Anatomy of a Software Analytics Tool
There exist multiple software analytics tools for software maintenance and software modernization. These can scan ”development assets” and provide maintenance engineers with ‘knowledge’ about these assets, or even offer semi-automated transformations of existing software. We collectively refer to these tools as software analytics tools.
Typical software analytics tools include one or more parsers for selected programming languages, an intermediate representation, possible, an integration layer, and then, an analysis component. The parsers supported by the analytics tool determines the ”footprint” of that tool (the software assets that can be processed by that tool). In the software maintenance context, a ”software analytics” tool mines software assets for ”knowledge” for the purposes of understanding, and evolution.
Software development assets considered by a ”software analytics” tools are almost entirely restricted to ”source code”. Other sources of knowledge of the software development life cycle include (but not limited to) deployment configuration files, machine code, third-party components, information software configuration management repositories, information from issue tracking repositories, requirement documents, test cases and design documentation. The internal information model is often the backbone of the ”analytics” tool which separates the complexity of parsing the source code (or processing other software development artifacts), from the complexity of performing the knowledge mining. Such model is often semantically complex.

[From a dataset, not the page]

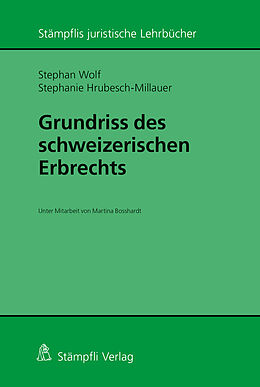 E-Book (pdf) Grundriss des schweizerischen Erbrechts von Stephan Wolf, Stephanie Hrubesch-Millauer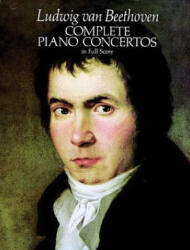 Complete Piano Concertos in Full Score - Ludwig van Beethoven (ISBN: 9780486245638)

Traditional software analytics tools are often built as ”silos”, driven by the parsing technology. It is often the case, that the internal model of a ”software analytics” tool is a form of an ”abstract syntax tree”. Abstract syntax trees are essential for compiler construction, however they create a barrier between tools focused at different languages (or language families) since the analysis component is bound to the ontology of a particular programming language. There are several negative consequences of that. First, there is little interoperability between ”analytics” tools. Second, each tool provider has to excel in several diverse technologies, such as parsing, analysis, as well as the subject matter ”know-how” which determines the business value addressed by the tool. As the result, each tool has a unique profile of strengths and weaknesses. Software integrators and service organizations are faced with a insurmountable challenge of point-to-point integration between tools.